Interaction of trehalose and ascorbic acid in growing Arabidopsis seedlings

Trehalose is an important disaccharide signal metabolite in plants which is involved in various aspects of plant function such as response to stress, photosynthesis and carbon allocation and partitioning. A mutant of Arabidopsis lacking trehalose-6-phosphate synthase activity (tps1) accumulates ascorbate. Exogenous ascorbate Application ameliorates trehalose induced growth inhibition of wild type Arabidopsis seedlings and affects its carbon partitioning. Thus, unknown interactions between trehalose and ascorbate metabolisms are expected. This research has tried to reveal part of these interactive effects by analyzing some growth and biochemical parameters of Arabidopsis seedlings fed with sorbitol (100 mM) as control, trehalose (100 mM), trehalose plus ascorbate (0.1 mM), and ascorbate alone. Trehalose fed plants displayed reduced root and shoot growth and higher levels of hydrogen peroxide, anthocyanins and greater catalase, peroxidase and polyphenol oxidase activities along with reduced chlorophyll contents. Exogenous ascorbate application reversed these effects which suggest the prevailing oxidative stress in trehalose fed plants has probably compromised their growth. Control plants accumulated starch in root tips whereas, trehalose fed plants accumulated starch in cotyledons. The effect of trehalose on carbon allocation, however, was reversed following ascorbate application.
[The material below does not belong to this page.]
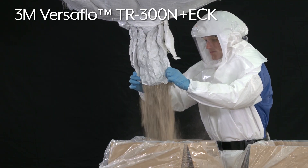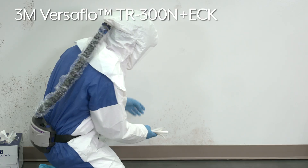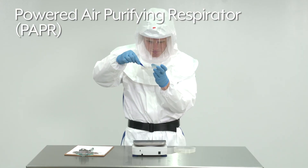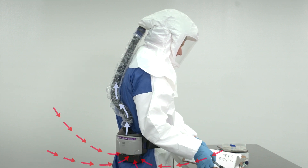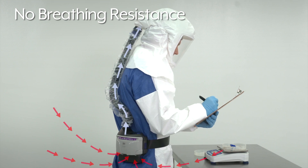Breathe easy while working around dust, powders, mold, and other particulates. The 3M Versaflow TR300N is a powered air purifying respirator that is lightweight and comfortable, providing up to 12 hours of continuous use. It is preferred over standard respirators as air is blown in through a filter, so there is no breathing resistance.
It was assumed that trehalose feeding affects plant source-sink relations, thus by imposing oxidative stress on roots it reduces sink strength accompanied with declined withdrawal of carbohydrate from shoot. As a result of oil body mobilization in cotyledons, starch is accumulated in this organ. The exogenous ascorbate, however, by promoting root growth increases sink strength, thus carbon is withdrawn more from cotyledons. This leads to starch build up in roots. Unexpectedly, the greatest level of endogenous ascorbate was found in trehalose fed plants which might imply ascorbate utilization for confronting oxidative stress is somehow restricted.